1921'de Sovyetler'den davet aldı ve yeniden oraya gitti. Uzun süre görev bekledi. Bu arada Moskova sosyetesine dalmış bir sefahet hayatı sürüyor, dakikası dakikasına izlenmekte olduğunu biliyordu. Ne var ki, Mustafa Kemal'in bahtı açıldıkça, onun durumu kötüleşiyordu. Mustafa Kemal, Moskova'yla resmen anlaşmış ve Moskova bu sayede Gürcistan, Ermenistan ve Azerbaycan'ı elde edebilmişti. 1921 yazında Enver çağrılarak, Mustafa Kemal aleyhinde faaiyetlere girmeyeceğine dair söz verdirildi. Bunun üzerine Batum'a geçmesine izin verildi.
Batum'da sözünden cayıp tedariklediği bir grup yandaşıyla Anadolu'ya geçmeye çalıştıysa da Sovyetler buna mani oldu. Ardından da onu, Orta Asya Müslümanlarına Sovyet rejimini benimsetmesi göreviyle Buhara'ya gönderdiler.
Bizim tezimiz: Lenin Ankara’ya Mustafa Suphi’yi, Ankara da Lenin’e Cemal’i temizletti!
5. Cemal’in önceki bölümde sözünü ettiğimiz teklifine Ruslar sıcak bakıyorlardı. Fransızlar, Suriye ve Çukurova’dan (Kilikya) kesinlikle vazgeçmeyeceklerini söyleyerek kesin bir dille reddettiler.

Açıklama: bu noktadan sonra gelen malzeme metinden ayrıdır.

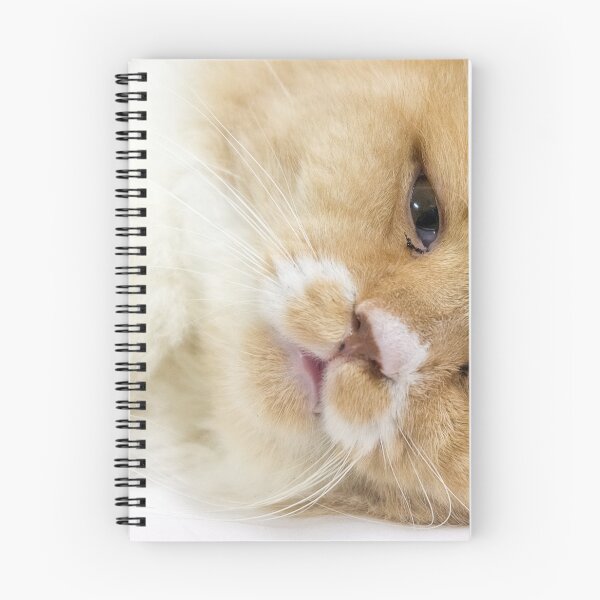 Item preview, Cat Portrait designed and sold by likbatonboot.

O günlerde İngiltere de Siyonizmin işbirliği teklifini değerlendirmekte olduğu için, dolayısiyle Filistin hayatî önem arzedeceğinden, onlar da sıcak bakmadılar. Sonraki yıllarda Loyd Corc’un bizzat Enver’e yaptığı bir teklif daha vardır: Savaştan çekil, Boğazlar’ı milletlerarası kullanıma aç, Suriye ve Doğu Anadolu’yu al, ama Irak’tan ötesi bizimdir, şeklinde… Enver bunu hiç düşünmeden reddetti ki, Cemal olsa balıklama atlardı.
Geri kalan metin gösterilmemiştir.